Re: Backup Question

From: Jeff Janes <jeff(dot)janes(at)gmail(dot)com>
To: Shaun Thomas <sthomas(at)optionshouse(dot)com>
Cc: "pgsql-general(at)postgresql(dot)org" <pgsql-general(at)postgresql(dot)org>
Subject: Re: Backup Question
Date: 2013-10-22 19:27:23
Message-ID: CAMkU=1wLtXA39u17npAhFtMQjYfWMMwVEDos1e0g4aKNHXudDw@mail.gmail.com
Views: Raw Message | Whole Thread | Download mbox | Resend email
Thread:
Lists: pgsql-general

On Tue, Oct 22, 2013 at 6:47 AM, Shaun Thomas <sthomas(at)optionshouse(dot)com>wrote:

> Hey everyone,
>
> This should be pretty straight-forward, but figured I'd pass it by anyway.
>
> I have a revised backup process that's coming out inconsistent, and I'm
> not entirely sure why.

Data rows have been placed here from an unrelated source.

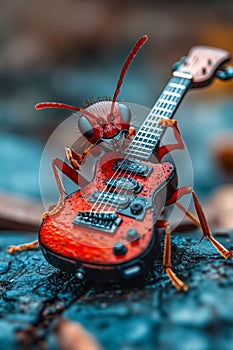 A red bug with a guitar on top of it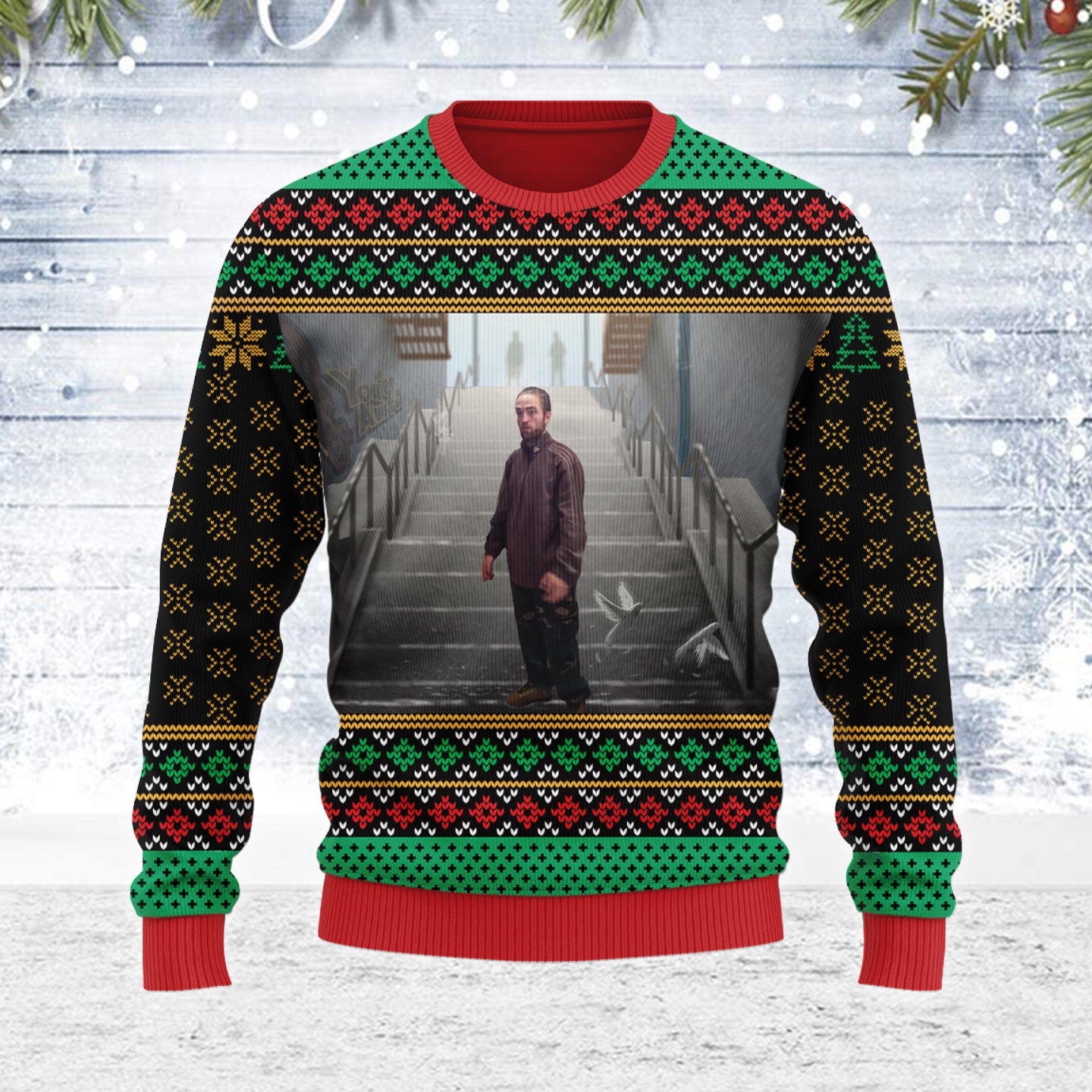 Customspig Ugly Christmas Sweater Robert Pattinson Kitchen 3D Apparel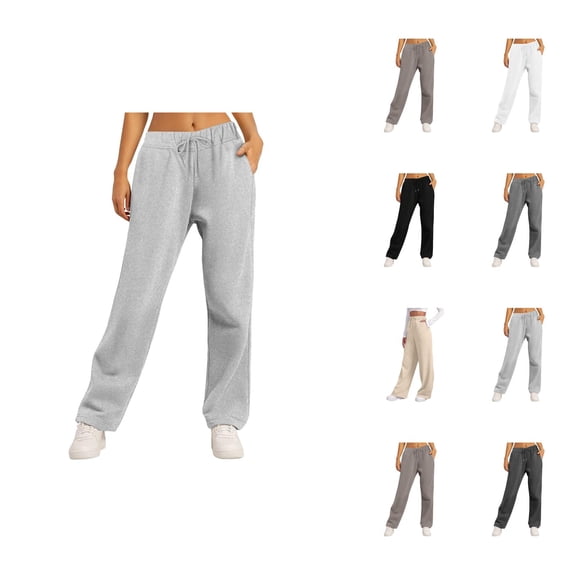 Sweatpants for Women 2026 Fall Winter Fashion Elastic High Waist Drawstring Wide Leg Loose Casual Yoga Pants with Pockets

I call pg_start_backup(), tar.gz the contents
> elsewhere, then pg_stop_backup(). Nothing crazy. Upon restore, two of my
> tables report duplicate IDs upon executing my redaction scripts. The
> "duplicate" records ended up having different ctid's, suggesting the log
> replay was incomplete. However, nothing in the restore logs suggest this is
> the case, and either way, the database wouldn't have come up if it were.
> (right?)
>
> Now, the main difference, is that I'm doing the backup process on our
> streaming replication node. The backup process calls the pg_start_backup()
> function on the upstream provider, backs up the local content, then calls
> pg_stop_backup() on the upstream provider. In both cases, it captures the
> start/stop transaction log positions to grab all involved archived WAL
> files. I already know the start xlog position is insufficient, because
> those transaction logs may not have replayed on the standby yet, so I also
> grab 3xcheckpoint_timeout extra older files (before backup start), just in
> case.
>

That won't work. The backup_label file is promising that WAL before a
certain point has already been applied. Recovery rolls forward from this
point, and has no ability to jump backwards and roll forward from there (or
to detect that that would be needed). So you can grab the extra files, but
you can't make it apply them, as you are telling it that it doesn't need to.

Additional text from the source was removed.